Recruiting in College Sports

Tips for the Recruiting Process
Recruiting in College Sports

Getting recruited to play a sport in college is a tremendous step towards pursuing your athletic career at a higher level. It is a chance for you to showcase your skills that you spent hours on end working on, and it opens doors to scholarships, new experiences, and long-lasting connections with teammates and coaches. Although the recruiting process can be overwhelming at times, with proper preparation and guidance on the steps towards committing to a college, you can easily make it a rewarding experience.

To begin, it is extremely important to start the college search process early. You should be researching colleges so that you can decide what types of schools align with your interests and goals, and to help you decide what exactly you are looking for. Sam Wolfkill, a junior at C. Milton Wright stresses the importance of finding a school that will benefit you. “You are setting up the next four to five years of your life so, find the place that will allow you to be successful during and after college,” said Wolfkill. It is crucial to consider not only the athletic program of a college, but also the academic aspect. You are going to be just as much involved in a college academically as you are athletically, so you will want to make sure that colleges you are looking at meet your standards for both.

After you have researched colleges that you might be interested in, start to reach out to college coaches. Being proactive during this process will increase the likelihood of being recruited. Do not wait for coaches to email you, take the initiative and contact coaches to get your name on their radar and to receive more information about the program. Kirsten Schleicher, a C. Milton Wright graduate of 2021, currently plays Division I lacrosse at the University of Cincinnati. She has been through the recruiting process before and offers advice for anyone who is looking to get recruited. “Make sure to ask a lot of questions about the school and the program, so that you can make the decision that is best for you,” said Schleicher.

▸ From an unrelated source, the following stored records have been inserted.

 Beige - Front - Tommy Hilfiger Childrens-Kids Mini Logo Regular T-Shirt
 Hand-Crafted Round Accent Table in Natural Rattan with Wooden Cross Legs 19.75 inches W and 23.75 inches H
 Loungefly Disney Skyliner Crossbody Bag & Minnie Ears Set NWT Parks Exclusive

Also, if you are playing in an upcoming tournament or showcase, you can email coaches to inform them of your game times and locations and they may attend. College coaches are not allowed to have any recruiting conversations with athletes before a certain date, which varies by sport, but if they like what they see, they may email you about camps that you can attend so they can further evaluate you and decide if you are a good fit for their program.

When you verbally commit to a college, you are agreeing to attend that college and play a sport there. It sounds like a done deal. However, you can back out of this commitment at any time before you sign if you communicate this with the college. For NCAA Division I and II schools, an athlete must sign a National Letter of Intent. This is a legally binding document that signifies your intent to attend the college for one full academic year, and the college agrees to provide you with athletic aid for one academic year. For NCAA Division III schools, an athlete does not sign a National Letter of Intent but signs a non-binding celebratory form to recognize their commitment.

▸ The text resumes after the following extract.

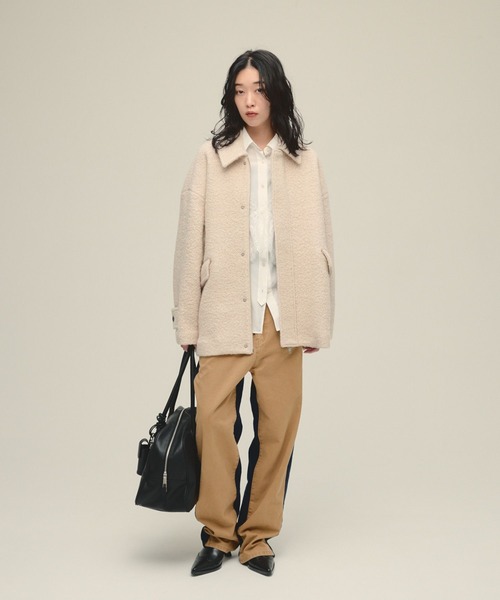 【eL】Boucle Zip Coat セール】【eL】Boucle Zip Coat/580998（ステンカラーコート）｜eL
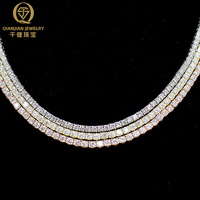 Collier plaqué or 18 carats, argent 925, diamants VVS1, chaîne tennis en moissanite, bracelets à maillons tendance, bijoux hip-hop pour dropshipping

It is also a good idea to familiarize yourself with academic eligibility requirements set by the NCAA (National Collegiate Athletic Association). This includes graduation from high school, the completion of at least 16 core courses, earning a certain minimum grade point average, earning a qualifying test score on the ACT or SAT, and finally, requesting a final amateurism certification from the NCAA Eligibility Center. These guidelines ensure that athletes meet academic standards before competing at the college level.

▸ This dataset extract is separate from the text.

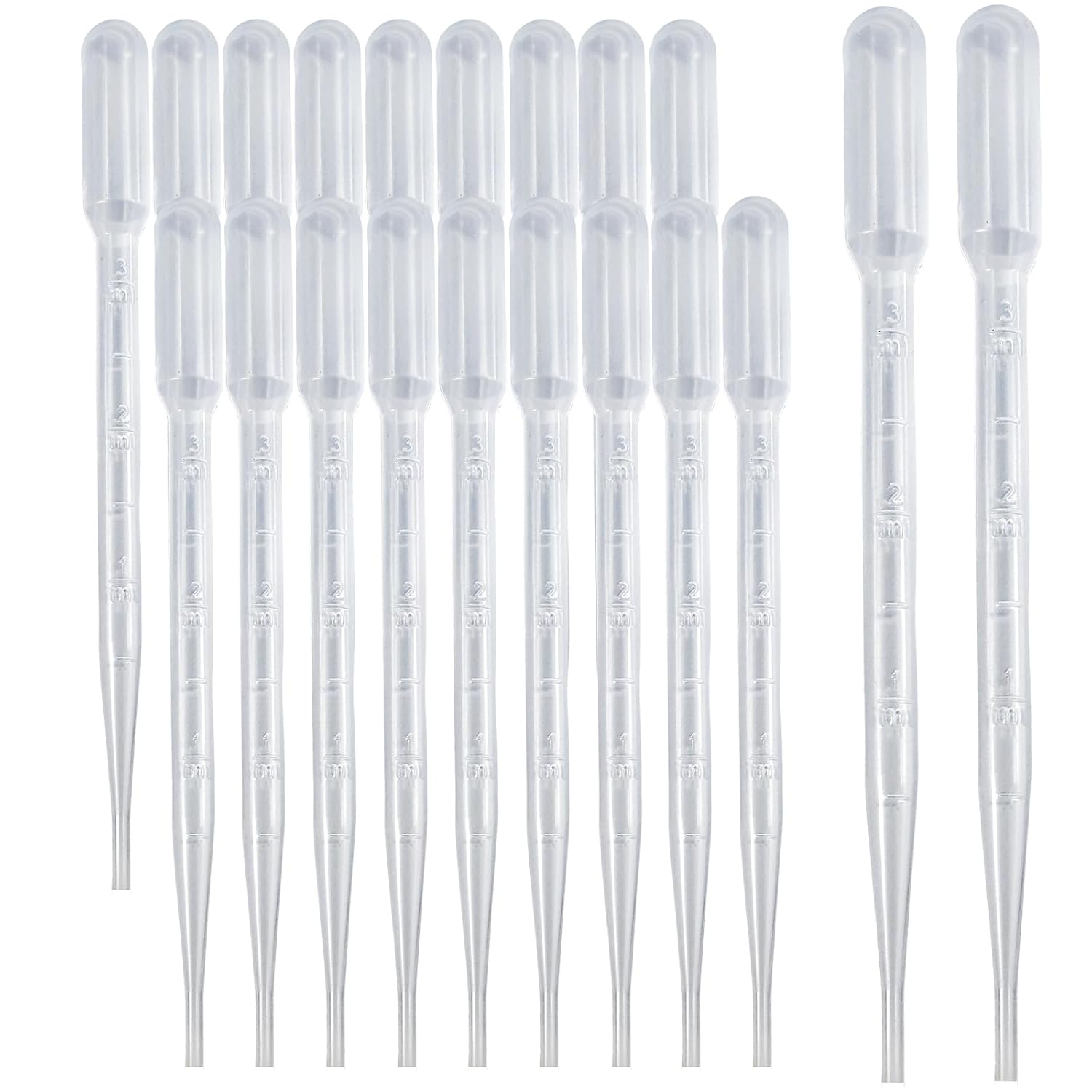 Zkupanx 20 PCS Pipette 3ML - Flexible Eye Dropper for Accurate Liquid Transfer, Excellent Suction - Perfect for Oils, Resin, Crafts, Labs, Kids Activities - Plastic Pipettes, Droppers, Eye Droppers image number 1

This entire process can be highly stressful, so do not hesitate to seek guidance from coaches, counselors, and people who have been through the college recruitment process before. They can provide you with valuable advice and help you navigate through obstacles that come your way. “I was extremely lucky to have so much support and help from my parents, my family, and my club coach. Just knowing that all of those people were going to be there for whatever decision I made really helped me in the recruiting process,” said Schleicher.

It is important to remember not to get discouraged. If you do not hear back from the school you were hoping for, it is not the end of the world and it may not have been the best fit for you anyways. There are plenty of schools that will suit your interests that you may not have thought of before. “I would have never imagined that I would be going to Cincinnati. I never reached out to them before, but they saw me playing in a tournament during the fall of my junior year of high school and they contacted me,” said Schleicher. “It really showed me the importance of remaining positive and keeping my options open.”

Your journey as an athlete is distinct to you and whichever level you decide to pursue your sport at is your personal choice. “After personally going through it, the things I found to be the most helpful were to not settle, go where you are loved, and to not worry about everyone else’s journey,” said Wolfkill. “This experience is supposed to be fun as you are going to do what you love, and it will all be worth it.”